See the Live Dashboard

Live Analytics

Real-Time Pipeline Dashboard

Four pages of live analytics powered by Streamlit — KPI funnel, leads explorer, email queue with HITL actions, and source performance breakdown.

Page 1

Overview & KPIs

Page 2

Leads Explorer

Page 3

Email Queue

Page 4

Source Analytics

prospeccionagente.streamlit.app

Live

Open Full Dashboard

Infrastructure

The $0.50/month Stack

Every component runs on free-tier infrastructure. The only cost is Gemini API usage at ~$0.50/month for thousands of lead qualifications.

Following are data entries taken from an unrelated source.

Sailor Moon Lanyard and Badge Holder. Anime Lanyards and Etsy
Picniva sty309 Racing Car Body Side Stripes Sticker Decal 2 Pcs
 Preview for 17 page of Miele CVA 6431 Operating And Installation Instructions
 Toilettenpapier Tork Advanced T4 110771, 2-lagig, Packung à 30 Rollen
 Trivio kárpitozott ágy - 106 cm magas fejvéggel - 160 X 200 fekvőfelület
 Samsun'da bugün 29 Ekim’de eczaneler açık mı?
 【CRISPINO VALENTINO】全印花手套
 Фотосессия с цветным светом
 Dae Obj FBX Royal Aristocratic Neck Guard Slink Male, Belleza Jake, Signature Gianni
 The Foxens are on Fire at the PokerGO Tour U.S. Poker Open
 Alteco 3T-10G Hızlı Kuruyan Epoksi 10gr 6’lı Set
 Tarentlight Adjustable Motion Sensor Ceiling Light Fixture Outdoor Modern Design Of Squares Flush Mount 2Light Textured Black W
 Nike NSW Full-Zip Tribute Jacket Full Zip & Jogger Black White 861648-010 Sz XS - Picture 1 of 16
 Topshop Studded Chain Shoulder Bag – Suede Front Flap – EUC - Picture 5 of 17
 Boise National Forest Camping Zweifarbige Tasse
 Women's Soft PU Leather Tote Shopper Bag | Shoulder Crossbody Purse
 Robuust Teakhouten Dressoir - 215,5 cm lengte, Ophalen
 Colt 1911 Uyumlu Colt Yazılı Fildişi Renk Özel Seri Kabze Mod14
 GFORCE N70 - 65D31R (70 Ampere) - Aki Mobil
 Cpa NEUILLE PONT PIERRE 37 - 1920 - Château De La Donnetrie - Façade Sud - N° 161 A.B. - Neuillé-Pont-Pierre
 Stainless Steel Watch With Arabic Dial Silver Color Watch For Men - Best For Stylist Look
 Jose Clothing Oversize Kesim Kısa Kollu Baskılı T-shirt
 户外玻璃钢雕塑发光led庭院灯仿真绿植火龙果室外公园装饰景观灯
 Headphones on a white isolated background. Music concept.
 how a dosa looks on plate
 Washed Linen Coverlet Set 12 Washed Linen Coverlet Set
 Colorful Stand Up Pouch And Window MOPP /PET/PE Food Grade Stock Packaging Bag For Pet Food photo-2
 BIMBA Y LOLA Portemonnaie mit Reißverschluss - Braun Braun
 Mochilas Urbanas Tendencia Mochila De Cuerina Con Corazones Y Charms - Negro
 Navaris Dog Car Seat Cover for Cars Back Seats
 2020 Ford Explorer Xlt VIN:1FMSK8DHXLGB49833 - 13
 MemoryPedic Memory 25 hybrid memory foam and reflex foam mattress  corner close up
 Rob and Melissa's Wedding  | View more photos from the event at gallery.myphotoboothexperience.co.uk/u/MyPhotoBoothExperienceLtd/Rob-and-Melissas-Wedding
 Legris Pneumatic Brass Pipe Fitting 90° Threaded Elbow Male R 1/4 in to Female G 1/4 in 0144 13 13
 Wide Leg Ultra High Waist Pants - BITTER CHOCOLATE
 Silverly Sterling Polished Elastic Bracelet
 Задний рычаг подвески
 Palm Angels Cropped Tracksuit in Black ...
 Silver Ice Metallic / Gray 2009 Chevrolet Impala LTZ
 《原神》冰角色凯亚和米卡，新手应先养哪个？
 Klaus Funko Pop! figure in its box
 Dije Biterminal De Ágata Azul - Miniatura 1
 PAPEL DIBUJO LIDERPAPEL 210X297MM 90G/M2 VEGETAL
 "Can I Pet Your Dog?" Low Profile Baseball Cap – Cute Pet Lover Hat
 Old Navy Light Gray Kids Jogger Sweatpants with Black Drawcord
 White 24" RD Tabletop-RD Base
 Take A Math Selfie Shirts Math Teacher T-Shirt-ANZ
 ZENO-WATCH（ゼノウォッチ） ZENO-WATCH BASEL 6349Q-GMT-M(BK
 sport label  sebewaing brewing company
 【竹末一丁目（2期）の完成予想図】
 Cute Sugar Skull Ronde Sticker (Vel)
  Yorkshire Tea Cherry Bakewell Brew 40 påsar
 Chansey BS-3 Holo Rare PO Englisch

Component	Service	Purpose	Cost
Orchestration	GitHub Actions	Cron jobs (3x/day)	Free
Search API	Serper.dev	Google Search queries	Free
Enrichment	Jina Reader	URL to markdown	Free
LLM	Gemini 2.5 Flash	Qualification + scoring	~$0.50
Database	Supabase	PostgreSQL + REST API	Free
HITL Gateway	Cloud Run	Telegram webhook + API	Free
Email	Brevo SMTP	Transactional delivery	Free
Dashboard	Streamlit Cloud	Real-time analytics	Free
Bot	Telegram API	Approval notifications	Free
Total Monthly Cost			~$0.50

Results

Performance Metrics

~138

Leads per Run

Across 4 job boards

95%

Enrichment Rate

Jina Reader success

~30s

Pipeline Duration

Full end-to-end run

40%

Contact Name Found

From job descriptions

Design Decisions

Every architectural choice was driven by two constraints: zero cost and zero maintenance.

Serper.dev over direct scraping —

Google already indexed job boards. No IP blocking, no Selenium, no maintenance overhead.

Gemini over GPT-4 —

Free tier for prototyping. Flash-Lite is fast and cheap for structured extraction at $0.50/month.

fit_score 1-10 over binary —

Granular scoring enables prioritization. Score 9 financial models get attention before score 5 generic jobs.

Telegram HITL over auto-send —

Cold outreach needs human judgment. Telegram is instant and mobile-friendly with zero switching cost.

A/B keyword pools —

Rotates keywords each run (pool A on even, pool B on odd) to maximize coverage within free-tier API limits.

Async everywhere —

asyncio + httpx + aiosmtplib for maximum throughput on free-tier rate limits.

Best-effort enrichment —

Jina/scraping failures never block the pipeline. Graceful degradation to snippet data keeps throughput stable.